## [Material provided]
===

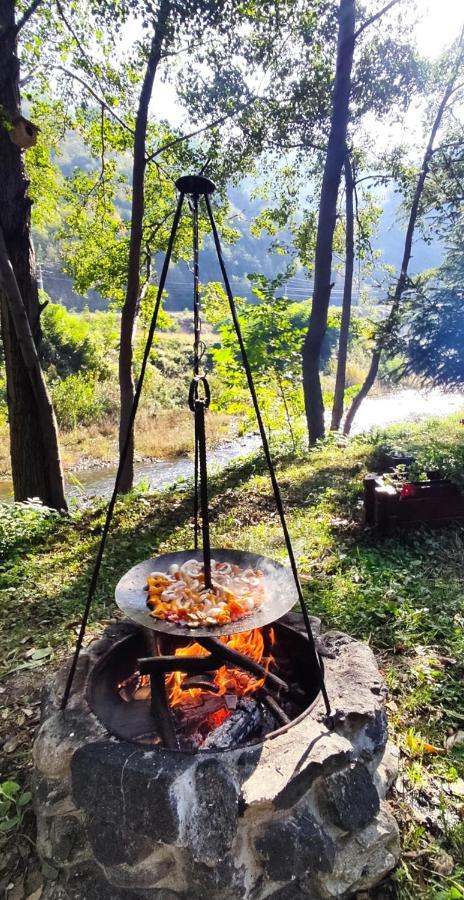 Eden Natural Resort - Transalpina Capalna المظهر الخارجي الصورة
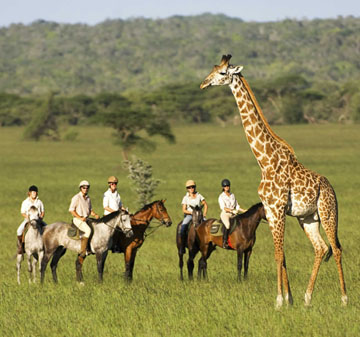 Cheap flights to Africa From London - Travel Wide Flights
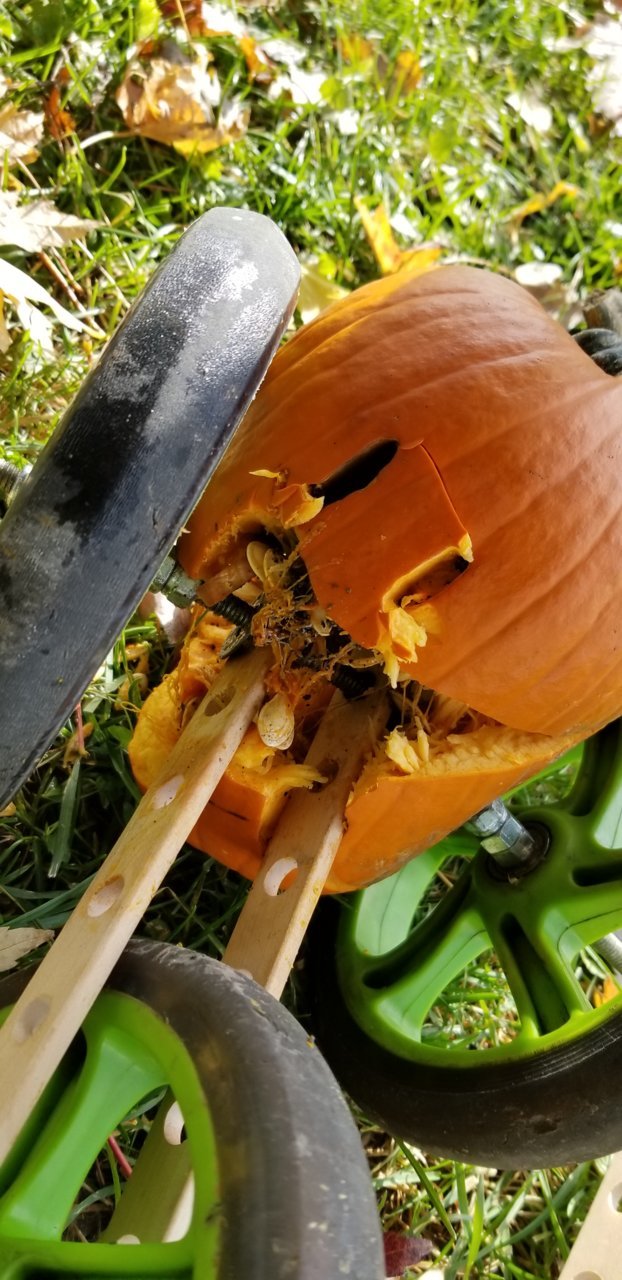 20191101_141114.jpg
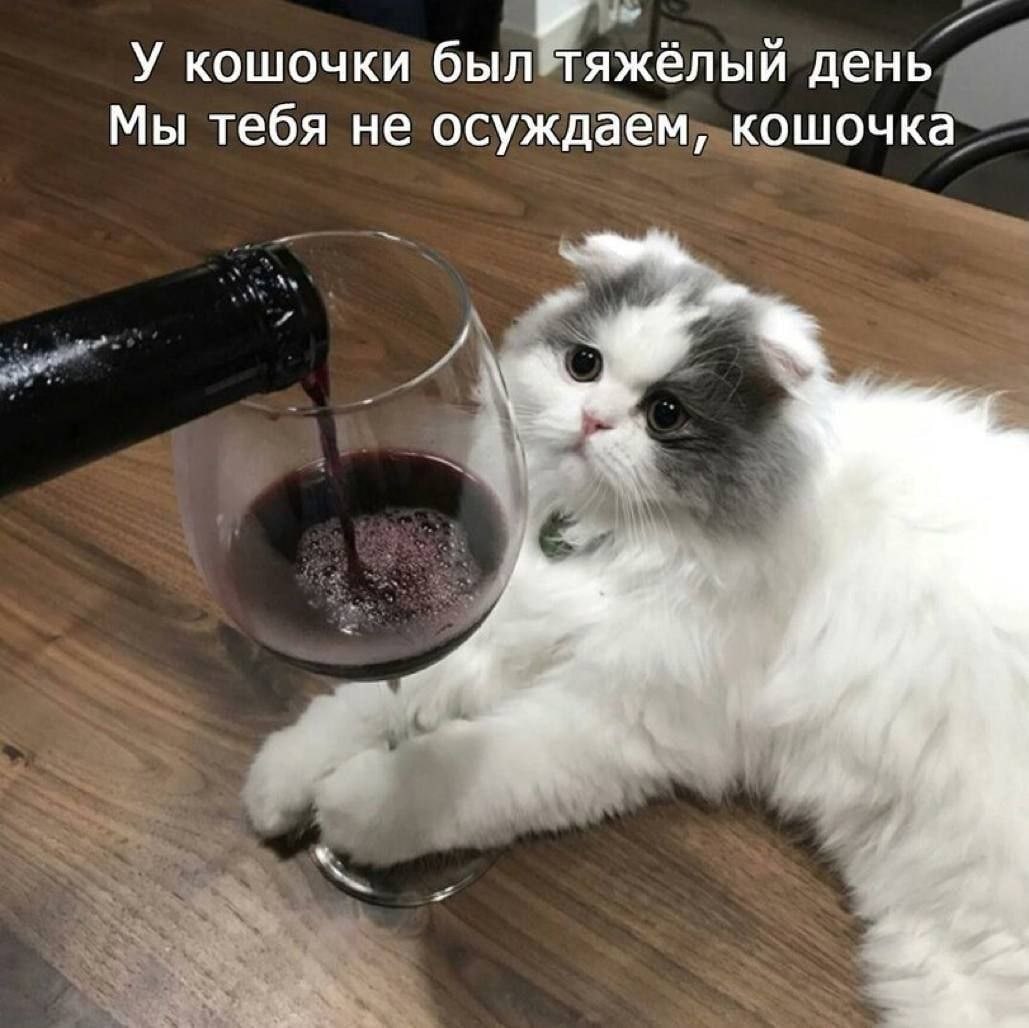 y_broken_heart_'s tweet photo. https://t.co/gbRD7IJMu7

===

Restate word for word the lines beginning with the one that contains "20191101_141114.jpg" and ending with the last line of the listing; pictures stay out.

## [Result for this task]
 20191101_141114.jpg
 y_broken_heart_'s tweet photo. https://t.co/gbRD7IJMu7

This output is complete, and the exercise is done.